R - efficiently organize tables on condition over time

I'd like to know how to organize a data.frame into tables on conditions over time. I have a politics data set where certain organizations take a position on a bill and whether the bill passed or failed, over the last few decades.
I know how to organize the data individually into tables, but I do it one-by-one, and its really hard to see the trends. The stackoverflow community always seems to have ingenious ways of grouping data. Here's some mock data:
Data <- data.frame(
year = sample(1998:2004, 200, replace = TRUE),
outcome = sample(0:1, 200, replace = TRUE),
biz1 = sample(-2:2, 200, replace = TRUE),
biz2 = sample(-2:2, 200, replace = TRUE),
biz3 = sample(-2:2, 200, replace = TRUE)
)
In biz, a negative number means they oppose the outcome and a positive outcome means they support it. In outcome, a zero means the law did not pass, a 1 means that it did.

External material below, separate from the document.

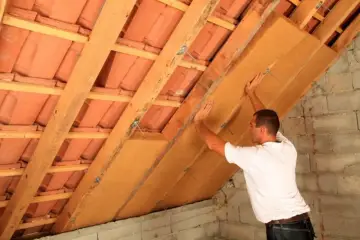 Operaio installa pannelli per la coibentazione del tetto in legno, migliorando l'isolamento termico.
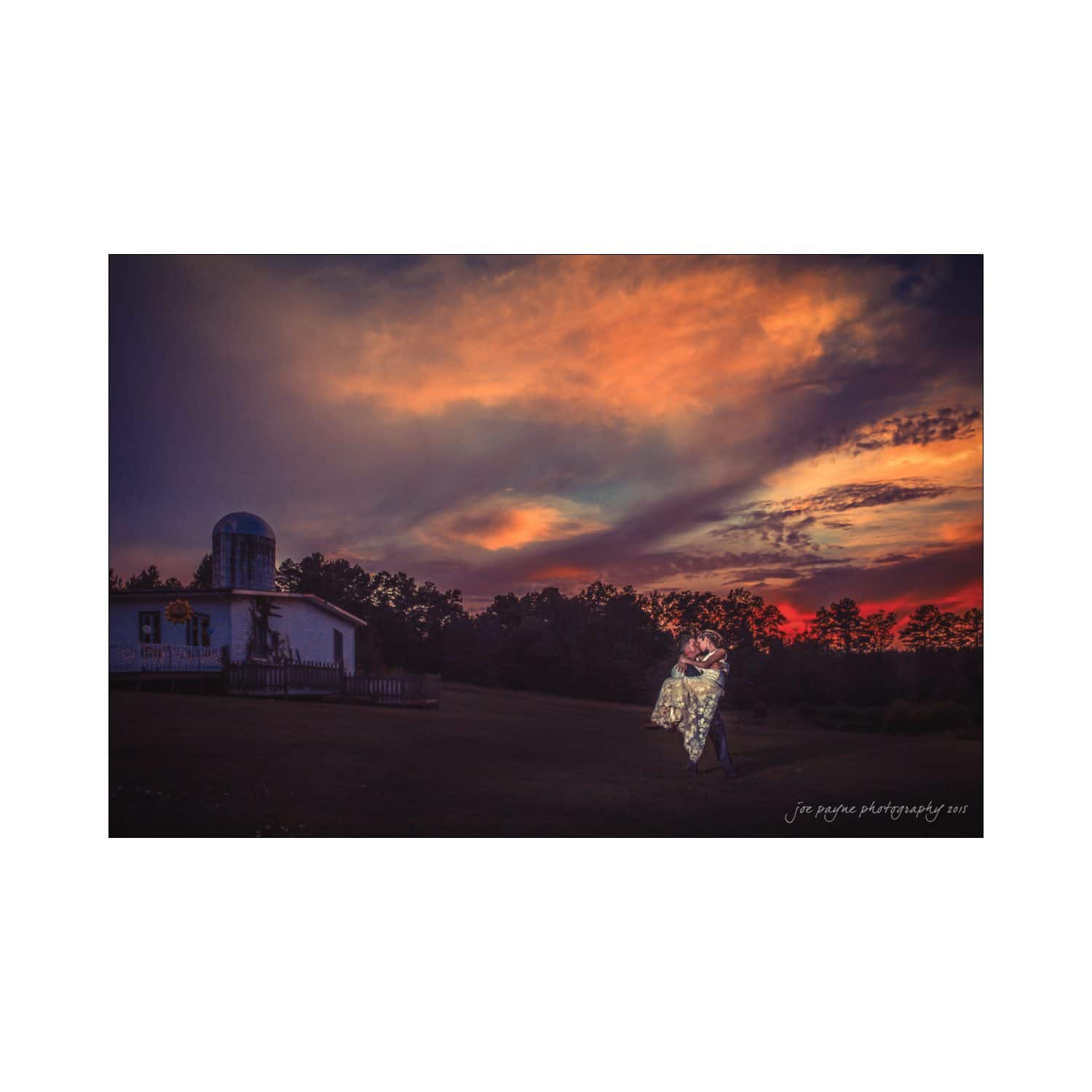 chapel hill wedding photography - nicole & wayne A couple embraces under a dramatic, colorful sunset sky. A small white building with a dome and trees are visible in the background, creating a serene, romantic scene.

I would like to use tables to see how each business has become more or less successful over time, by looking at how their positive numbers match 1s and negative numbers match 0s, compared to ever other organization (and vice verse with positive matching the number of negative numbers).
A few notes
In the data set, I have about 100 businesses as columns, so I definitely need an efficient way to make the tables without naming every single column. I can select them in a range, like 125:300, since they are ordered together.

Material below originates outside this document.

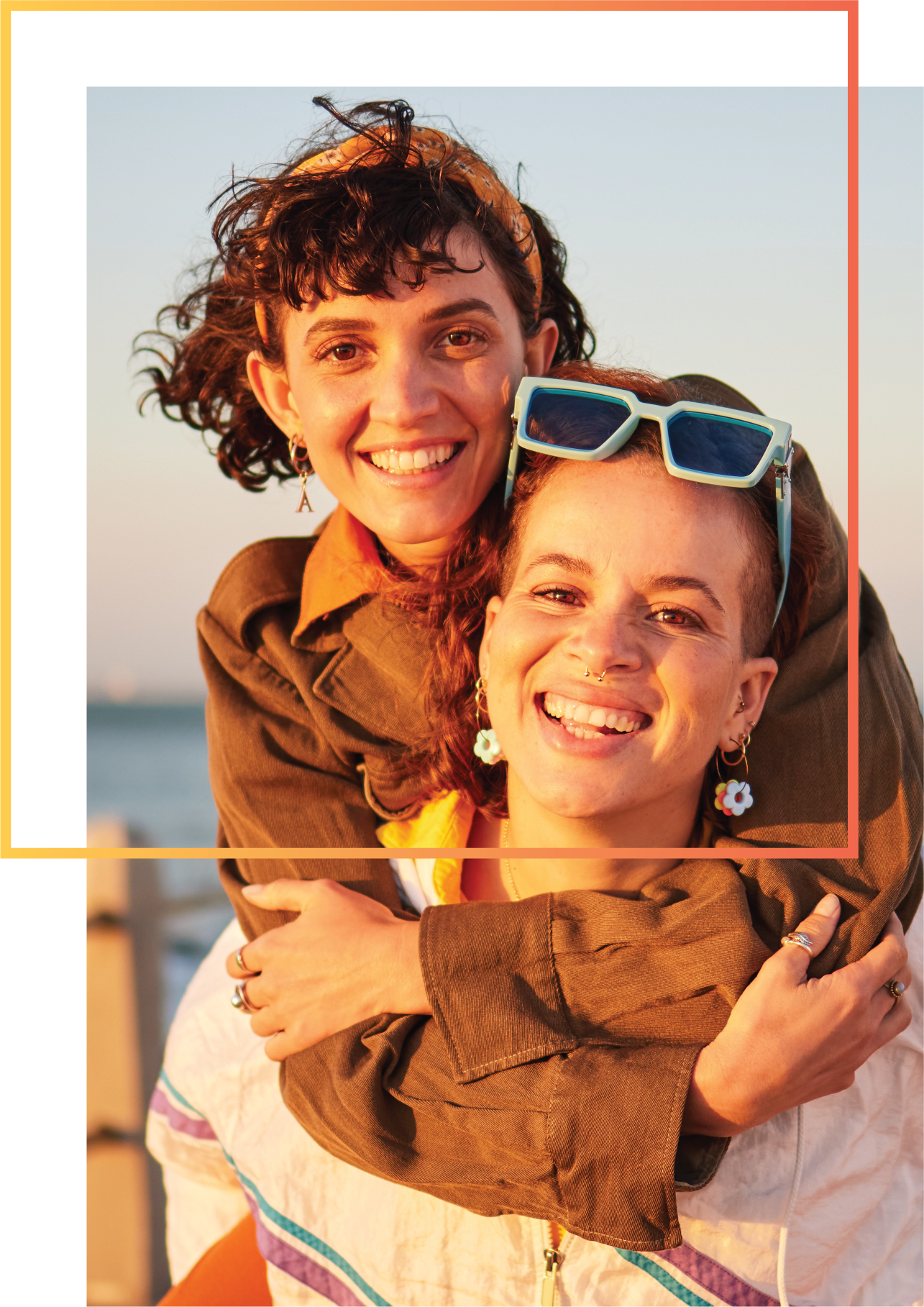 Two women happy by ocean in sun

Of course i'm open to all ideas! Feel free to list any other ways of looking at this.
If i failed to ask this question right, please let me know how I could improve it.
The comments above about your question being too vague are right on target. Having said that this interests me and the vagueness leaves me free to interpret...
First, I'd recode the outcome as -1 if the bill fails. Then ourtcome * bizn is in a sense a success score for that business on that legislation: positive if either a bill that the business supported passed, or if a bill that the business opposed failed. Then there are several ways to visualize the scores. Here are just a few to get you started.
# re-code outcomes
Data$outcome <- ifelse(Data$outcome==0,-1,1)
library(reshape2) # for melt(...)
library(ggplot2)
gg <- melt(Data, id=c("year","outcome"),
variable.name="business", value.name="support")
gg$score <- with(gg,outcome*support) # score represents level of success
# mean success vs. year with +/- 1 sd
ggplot(gg,aes(x=year,y=score, color=business))+
stat_summary(fun.data="mean_sdl")+
stat_summary(fun.y=mean,geom="line")+
facet_grid(business~.)
# boxplot of success scores
ggplot(gg,aes(x=factor(year),y=score))+
geom_boxplot(aes(fill=business))+
facet_grid(business~.)
# barplot of success/failure frequencies
# excludes cases where a business did not take a position pro or con
gg.bar <- aggregate(score~year+business,gg,
function(eff)c(success=sum(eff>0),failure=sum(eff<0)))
gg.bar <- data.frame(gg.bar[1:2],gg.bar$score)
ggplot(gg.bar,aes(x=factor(year)))+
geom_bar(aes(y=success,fill="success"),stat="identity")+
geom_bar(aes(y=-failure,fill="failure"),stat="identity")+
geom_hline(xintercept=0,linetype=2,color="blue")+
scale_fill_discrete(name="",breaks=c("success","failure"))+
labs(x="",y="frequency")+
facet_grid(business~.)
All of these represent rather simplistic ways of looking at the data. If this was a serious project I would probably run a principal components analysis on the businesses to identify groups of businesses that tend to support or oppose the same legislation. Then I'd run a cluster analysis on the principal components to identify groups of legislation that tend to attract the support or opposition of groups of businesses.
Another way to approach this would be to run a logistic regression on the outcomes using the support/opposition of the various businesses as predictors. This would tell you which businesses tend to be more influential.